FINANCIAL concerns were at the centre of the murder case against Walcha-accused Natasha Beth Darcy as the trial entered its third day.
Lance Partridge, an old family-friend and executor of the estate for deceased grazier Mathew Dunbar was present the day the 42-year-old made Darcy the sole beneficiary of his $3.5 million property, Pandora.
The jury in the NSW Supreme Court heard on Tuesday that relationship problems unfolded between the couple when Mr Dunbar became concerned about the "spending of his partner", while the defence questioned the witness on whether Mr Dunbar was a spendthrift.
Darcy is accused of Googling 'how to commit murder', poisonous mushrooms and lethal injections before she allegedly sedated and gassed her partner in the bedroom at his property in Walcha on August 2, 2017. She has pleaded not guilty to murder.
Mr Partridge is a wool classer and a crucial witnesses in the case, having been involved with the Dunbar family for more than two decades.
He told the jury Mr Dunbar had called him distressed in 2017 about an argument with Darcy over a local girl he had lent money to.
"Natasha had accused him of having an affair with this girl; he said that couldn't be possible because she was living in Townsville, he had lent her money and she had since paid it back," Mr Partridge said.

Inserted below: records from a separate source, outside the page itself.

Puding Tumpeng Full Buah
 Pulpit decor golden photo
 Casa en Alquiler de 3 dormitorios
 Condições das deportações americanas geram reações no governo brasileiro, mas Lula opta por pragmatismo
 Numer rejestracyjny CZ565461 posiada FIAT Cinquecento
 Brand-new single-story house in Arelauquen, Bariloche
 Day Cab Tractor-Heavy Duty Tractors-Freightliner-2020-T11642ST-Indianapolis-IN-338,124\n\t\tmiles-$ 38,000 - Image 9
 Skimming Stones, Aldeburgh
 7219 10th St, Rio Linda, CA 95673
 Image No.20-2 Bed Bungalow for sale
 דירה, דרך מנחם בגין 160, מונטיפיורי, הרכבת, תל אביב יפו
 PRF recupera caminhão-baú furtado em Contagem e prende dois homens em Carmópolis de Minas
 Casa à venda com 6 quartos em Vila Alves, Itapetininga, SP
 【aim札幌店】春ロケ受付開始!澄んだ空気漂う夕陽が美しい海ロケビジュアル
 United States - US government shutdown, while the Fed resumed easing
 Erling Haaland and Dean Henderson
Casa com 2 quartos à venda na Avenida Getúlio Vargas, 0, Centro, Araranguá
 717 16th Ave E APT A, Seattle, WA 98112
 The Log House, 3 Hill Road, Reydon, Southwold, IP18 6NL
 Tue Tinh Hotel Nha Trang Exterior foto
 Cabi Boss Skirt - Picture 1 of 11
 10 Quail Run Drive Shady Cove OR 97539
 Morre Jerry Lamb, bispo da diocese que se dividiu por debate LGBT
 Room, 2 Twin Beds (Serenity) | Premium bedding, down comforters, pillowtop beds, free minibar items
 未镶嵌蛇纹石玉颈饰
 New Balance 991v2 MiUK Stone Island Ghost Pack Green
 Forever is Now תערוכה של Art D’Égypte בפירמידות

"He said he had a gun and he was going out with a gun and it would be the last time that he left Pandora.
"One of his main concerns was a cash flow problem, he was very concerned about the relationship with his partner and her husband [Colin Crossman] and he was generally upset that he wasn't getting the family life he had hoped of. He said Natasha was still happily married to her husband.
"I did know about the nature of the financial problems but the main thing was the spending of his partner."
The court heard Mr Dunbar was neglecting his stock as the unpaid bills piled up.
Mr Dunbar's "over-generous" nature was questioned by both Crown prosecutor Brett Hatfield and defence barrister Janet Manuell SC.
A jury heard Mr Dunbar had made $1 million on the sale of Gidley, another family property in Walcha.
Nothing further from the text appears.